The panel examined approaches to testing methodologies and evaluation frameworks in AI safety. Kankanhalli noted that AI safety science remains in an early, empirical stage, suggesting that the field should draw inspiration from computer security's adversarial frameworks and control systems' mathematical modeling of boundary conditions. Li emphasized incorporating symbolic rules and principles for safety guarantees, addressing the challenges of bug fixes and long-tail risks in AI systems. Huang raised the promise of erasing harmful knowledge through machine unlearning as a countermeasure for jailbreak attacks, an approach also endorsed by Kankanhalli. The panel provided recommendations for international cooperation: standards for safety and security in certain domains (Li), open-source attack simulation projects (Huang), and exploring the risks of agentic systems operating in the physical world (Kankanhalli).
Panel on AI safety cooperation between regulators and industry
The participants in this panel were EU General-Purpose AI Code of Practice Vice-Chair Nitarshan Rajkumar, Resaro AI Managing Partner and CEO April Chin, and BCG X Principal Engineer SEA Robin Weston, with AI Verify Executive Director Shameek Kundu moderating.

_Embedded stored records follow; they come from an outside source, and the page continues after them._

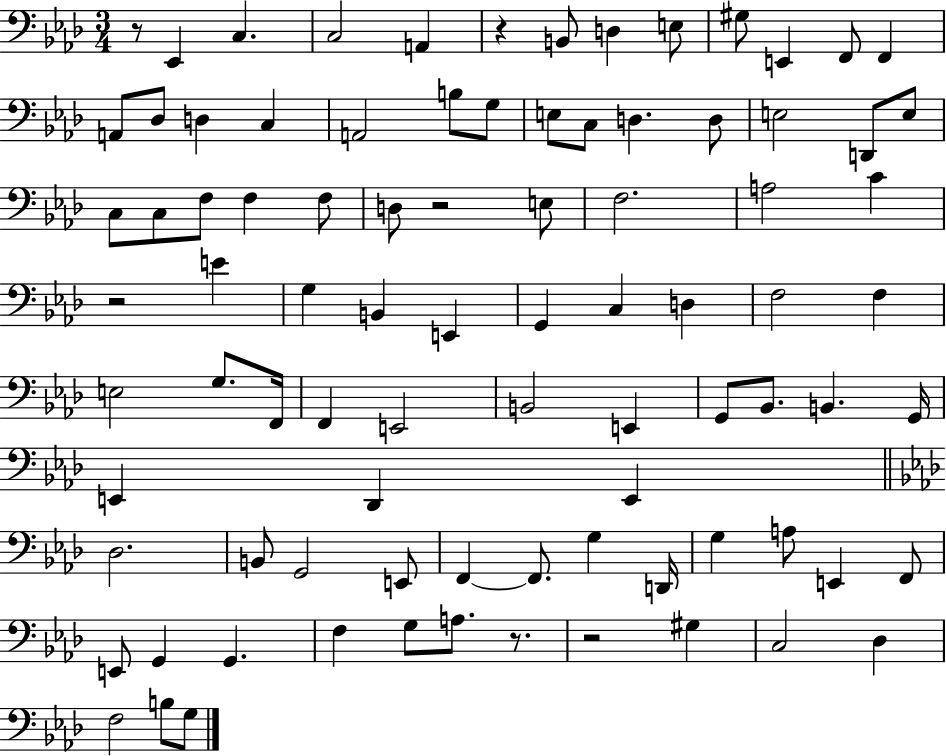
R/e Eb2/q C3/q. C3/h A2/q R/q B2/e D3/q E3/e G#3/e E2/q F2/e F2/q A2/e Db3/e D3/q C3/q A2/h B3/e G3/e E3/e C3/e D3/q. D3/e E3/h D2/e E3/e C3/e C3/e F3/e F3/q F3/e D3/e R/h E3/e F3/h. A3/h C4/q R/h E4/q G3/q B2/q E2/q G2/q C3/q D3/q F3/h F3/q E3/h G3/e. F2/s F2/q E2/h B2/h E2/q G2/e Bb2/e. B2/q. G2/s E2/q Db2/q E2/q Db3/h. B2/e G2/h E2/e F2/q F2/e. G3/q D2/s G3/q A3/e E2/q F2/e E2/e G2/q G2/q. F3/q G3/e A3/e. R/e. R/h G#3/q C3/h Db3/q F3/h B3/e G3/e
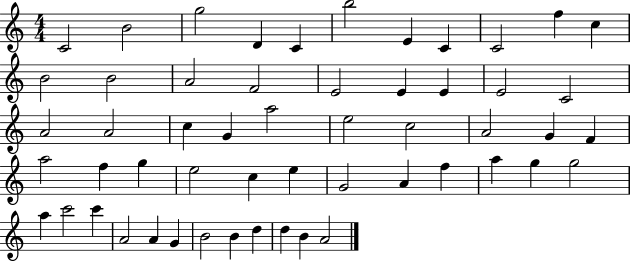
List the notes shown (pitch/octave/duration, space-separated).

C4/h B4/h G5/h D4/q C4/q B5/h E4/q C4/q C4/h F5/q C5/q B4/h B4/h A4/h F4/h E4/h E4/q E4/q E4/h C4/h A4/h A4/h C5/q G4/q A5/h E5/h C5/h A4/h G4/q F4/q A5/h F5/q G5/q E5/h C5/q E5/q G4/h A4/q F5/q A5/q G5/q G5/h A5/q C6/h C6/q A4/h A4/q G4/q B4/h B4/q D5/q D5/q B4/q A4/h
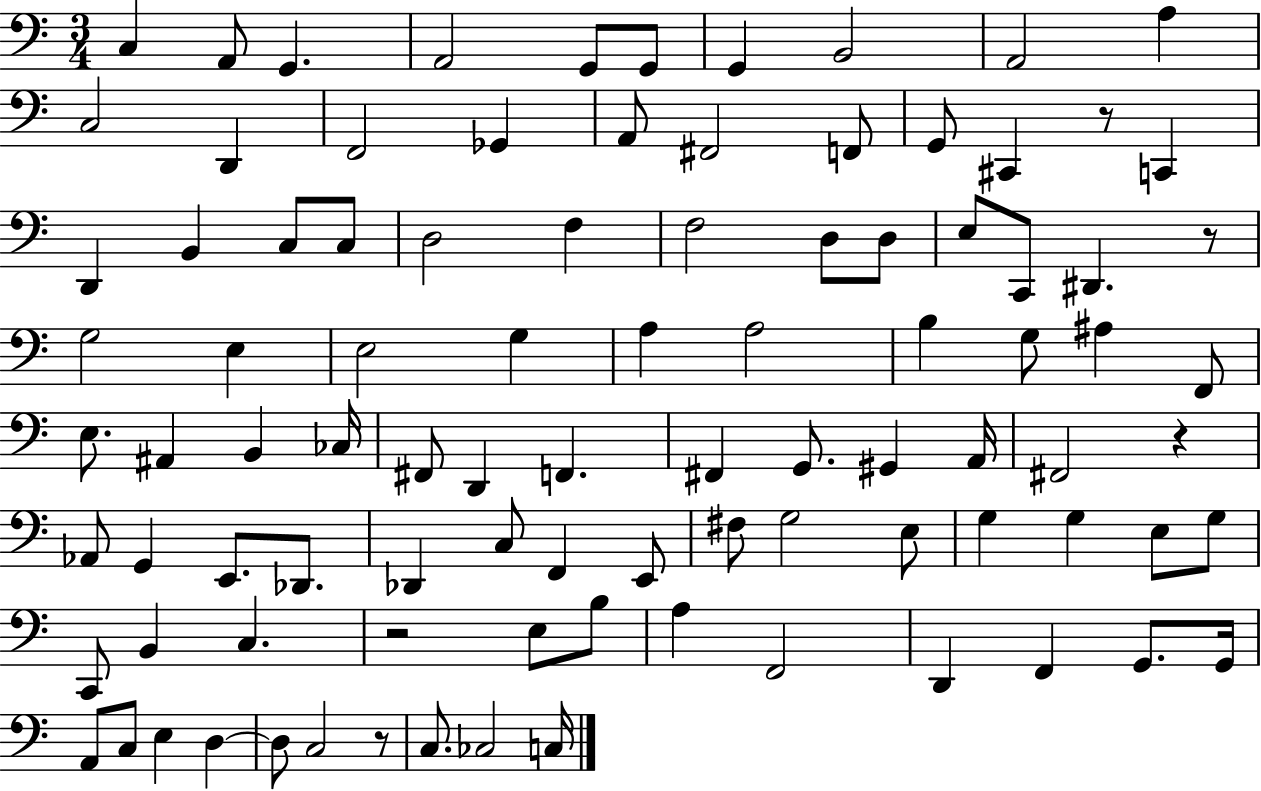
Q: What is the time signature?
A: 3/4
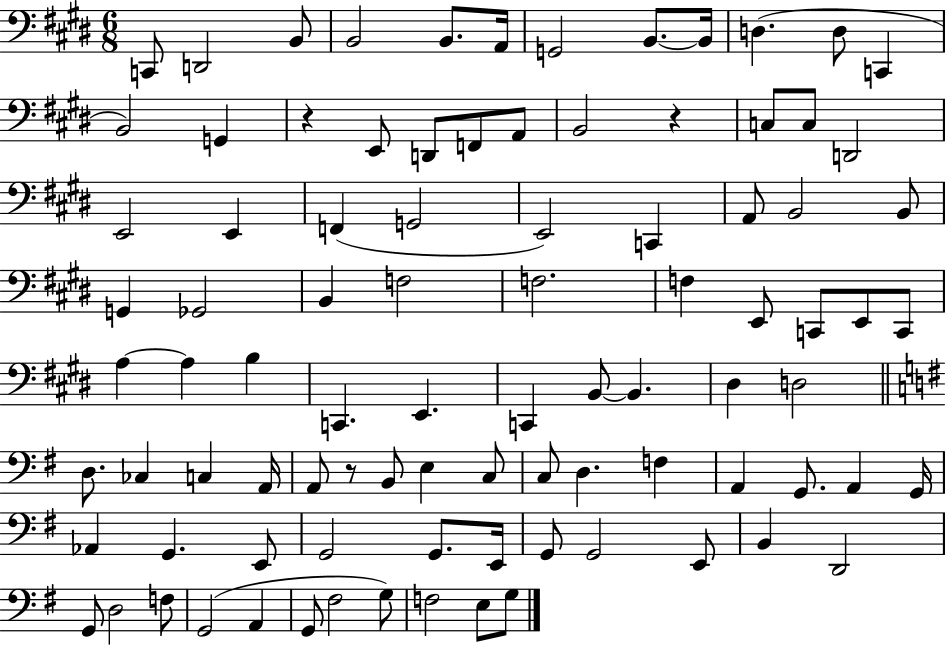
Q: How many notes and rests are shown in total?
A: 91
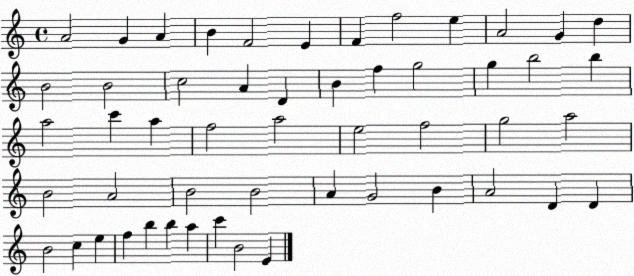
X:1
T:Untitled
M:4/4
L:1/4
K:C
A2 G A B F2 E F f2 e A2 G d B2 B2 c2 A D B f g2 g b2 b a2 c' a f2 a2 e2 f2 g2 a2 B2 A2 B2 B2 A G2 B A2 D D B2 c e f b b a c' B2 E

The final panel explored the critical intersection between foundation model safety and downstream commercial applications. Rajkumar noted that while businesses focus on operational risks, governments must address broader national security concerns. He also compared foundation models to nuclear power plants upstream and AI applications to power outlets downstream to draw attention to the differing safety requirements needed at different levels – safety measures at the upstream level might be more significant and require government supervision. Chin described Resaro AI’s work in testing AI systems in high risk applications such as healthcare and education to bridge the gap between academic benchmarks and more use-specific benchmarks. She noted that the number of stakeholders is a challenge, where in one instance, over 700 test cases were required before deploying a chatbot. Weston advocated for a “continuous delivery” approach to AI deployment, arguing that gradual updates improve understanding of system behavior, help identify sources of problems, and helps to account for the fundamentally unpredictable behavior of software in the real world.